Work task:
From the records below, extract all the text exactly and leave the images behind.

Start of Block

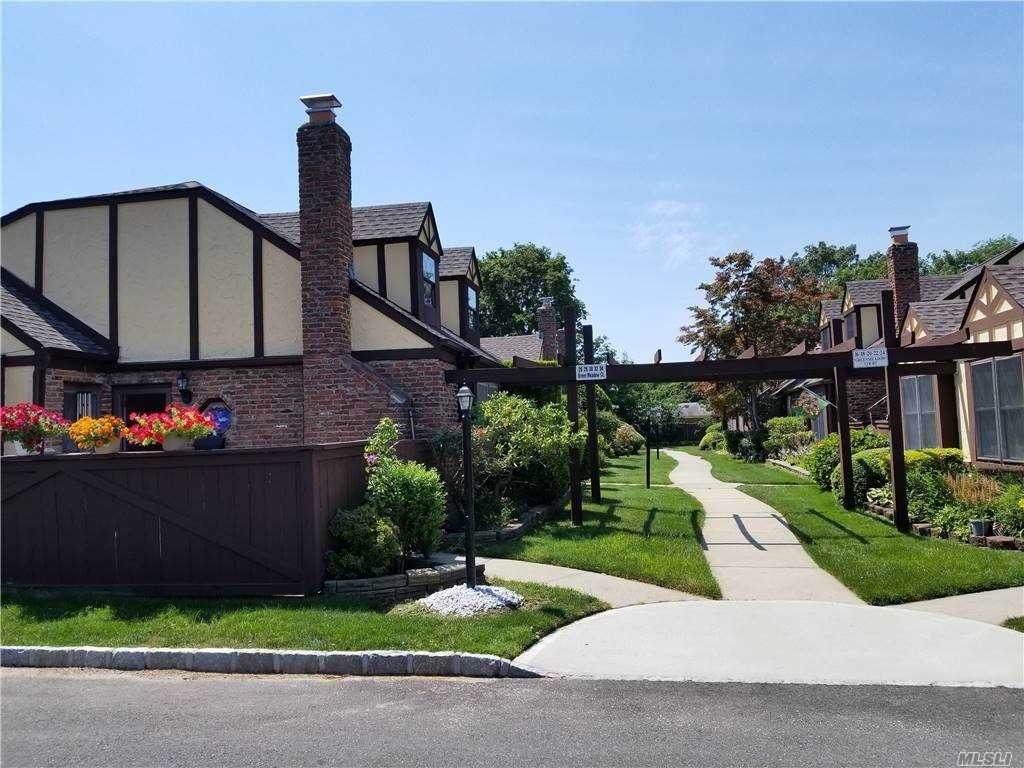 28 Greenmeadow Court - Photo 1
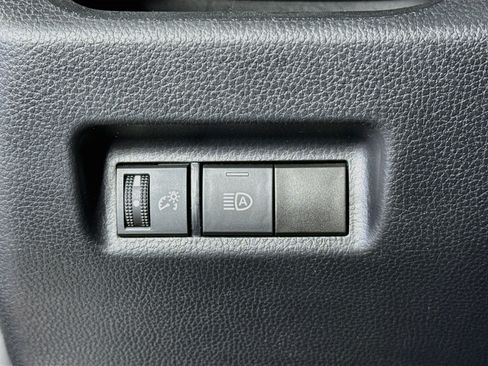 Certified 2023 Toyota RAV4 LE AWD/4WD image 10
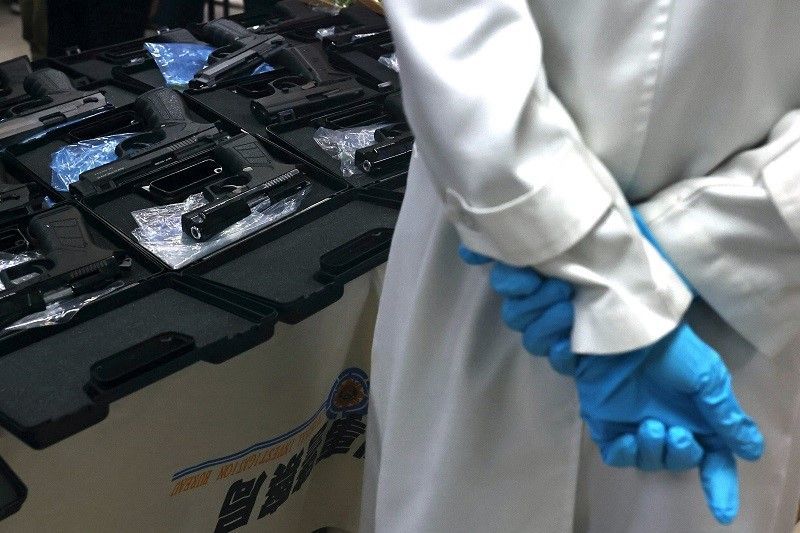 تايوان.. أكبر قضية تهريب سلاح من الصين إلى تايبيه (بالفيديو والصور)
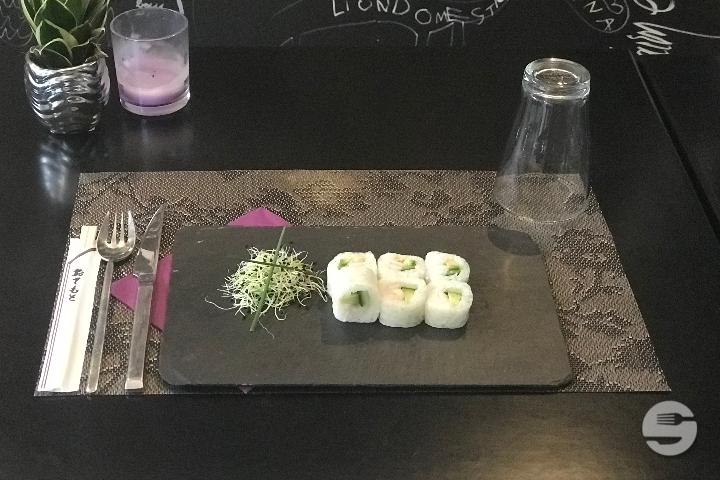 Spring Maki crevette, avocat et concombre - Le Duo Thai & Sushi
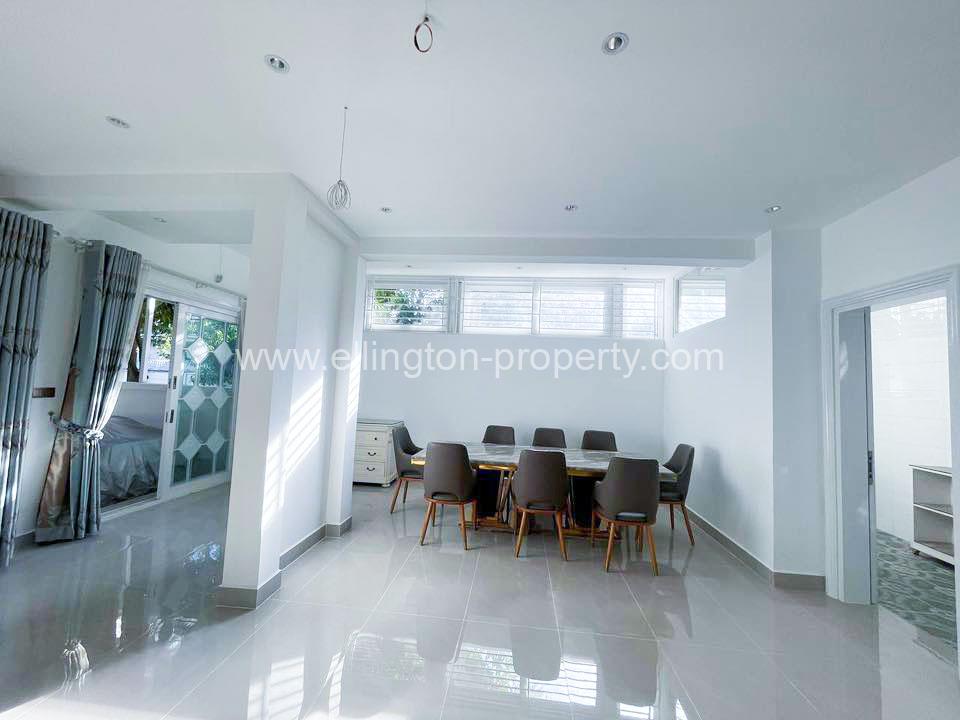 Twin Villa For Rent In Borey Grand Chroy Changvar - Ellington Property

End of Block

Response area:
 28 Greenmeadow Court - Photo 1
 Certified 2023 Toyota RAV4 LE AWD/4WD image 10
 تايوان.. أكبر قضية تهريب سلاح من الصين إلى تايبيه (بالفيديو والصور)
 Spring Maki crevette, avocat et concombre - Le Duo Thai & Sushi
 Twin Villa For Rent In Borey Grand Chroy Changvar - Ellington Property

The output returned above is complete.